Illu­mi­nante con­ti­nua ad essere il sag­gio sulla Distin­zione (Il Mulino), dove Bour­dieu ana­liz­zava come la divi­sione in classi della società non si limi­tava solo nei luo­ghi del lavoro, ma inve­stiva i con­sumi cul­tu­rali, l’accesso alla for­ma­zione, garan­tendo così la ripro­du­zione dei rap­porti sociali capi­ta­li­sti. Sarebbe però sba­gliato con­si­de­rare Bour­dieu un mar­xi­sta orto­dosso. Anzi, il socio­logo fran­cese ha sem­pre avuto un rap­porto con­flit­tuale con il mar­xi­smo occi­den­tale. Ne rico­no­sceva la capa­cità inter­pre­ta­tiva, ma ne ha capar­bia­mente respinto una della sua carat­te­ri­sti­che più rile­vanti, cioè quello di essere una prassi teo­rica tesa a tra­sfor­mare la realtà.

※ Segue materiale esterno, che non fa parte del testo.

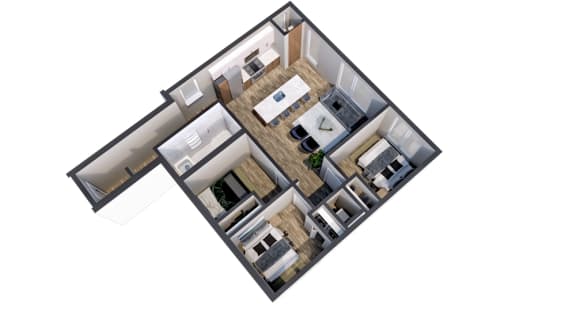 Powderhorn 3 bedroom apartment 3D view at The Central near downtown Minneapolis MN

Per Bour­dieu, infatti, i filo­sofi, e i socio­logi, dove­vano limi­tarsi a inter­pre­tare il mondo. Solo in piena vento neo­li­be­ri­sta ha mostrato inte­resse per i movi­menti sociali e i con­flitti del capi­ta­li­smo. Ci sono foto dive­nute famose di un Pierre Bour­dieu che parla a un mega­fono durante lo scio­pero del 1994 che para­lizzò per oltre un mese Parigi. Sciarpa rossa e una postura del corpo da mili­tante, esprime la soli­da­rietà ai dei lavo­ra­tori, soste­nendo che la posta in gioco del loro scio­pero non erano solo le pen­sioni o il sala­rio — temi già rile­vanti in se — ma degli assetti di potere della società.

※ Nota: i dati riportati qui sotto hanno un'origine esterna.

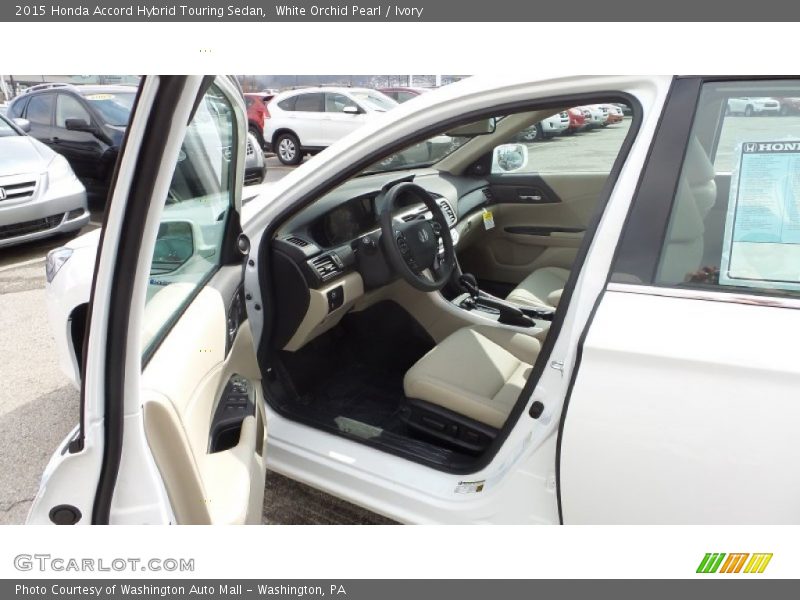 White Orchid Pearl / Ivory 2015 Honda Accord Hybrid Touring Sedan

Il teo­rico dell’homo aca­de­mi­cus e l’«inventore» del con­cetto, da molti rite­nuto crip­tico, di «campo» abban­do­nava le aule uni­ver­si­ta­rie non solo per distri­buire neu­tri que­stio­nari ma per «spor­carsi le mani» con l’oggetto del suo lavoro teo­rico. Per uno che aveva sem­pre guar­dato con sospetto, se non osti­lità, la figura del maî­tre à pen­ser era un cam­bia­mento che non poteva pas­sare inos­ser­vato. Sono però pro­prio que­gli gli anni durante i quali Bour­dieu ana­lizza la pre­ca­rietà avan­zante e la dis­so­lu­zione delle isti­tu­zioni che ave­vano garan­tito lo svi­luppo del capi­ta­li­smo dopo la seconda guerra mon­diale. I «trenta anni glo­riosi» ave­vano lasciato il passo al lungo inverno neoliberista.

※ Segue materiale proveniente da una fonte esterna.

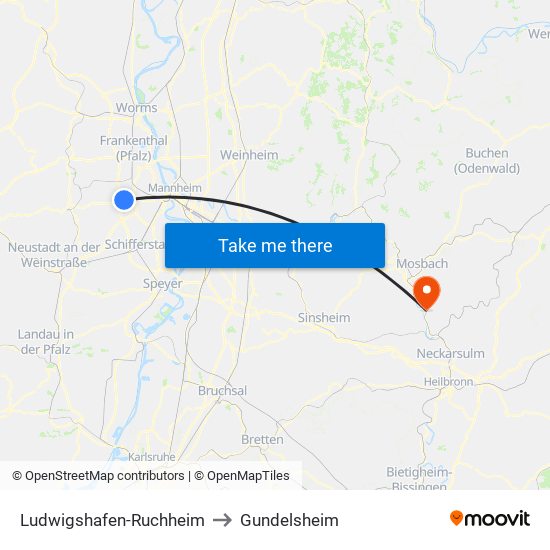 Ludwigshafen-Ruchheim to Gundelsheim map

È in que­sto cam­bia­mento che ha le sue radici La mise­ria del mondo, dove Bour­dieu non esi­sta a par­lare della vio­lenza insite nei rap­porti sociali capi­ta­li­stici. Una vio­lenza che ha come risul­tato non solo l’impoverimento o l’esclusione sociale di una parte della popo­la­zione, ma che è imma­nente in tutte le rela­zioni sociali. Ne sono vit­time tanto gli sfrut­tati, ma anche gli sfrut­ta­tori. È quest’ultimo l’aspetto che in Fran­cia ha pro­vo­cato rigetto da molti teo­rici gau­chi­ste . Ma al di là delle pole­mi­che con­tin­genti, La mise­ria del mondo rimane un fer­tile lascito teo­rico di Bour­dieu che può aiu­tare le scienze sociali ita­liane a uscire dall’afasia che le contraddistingue.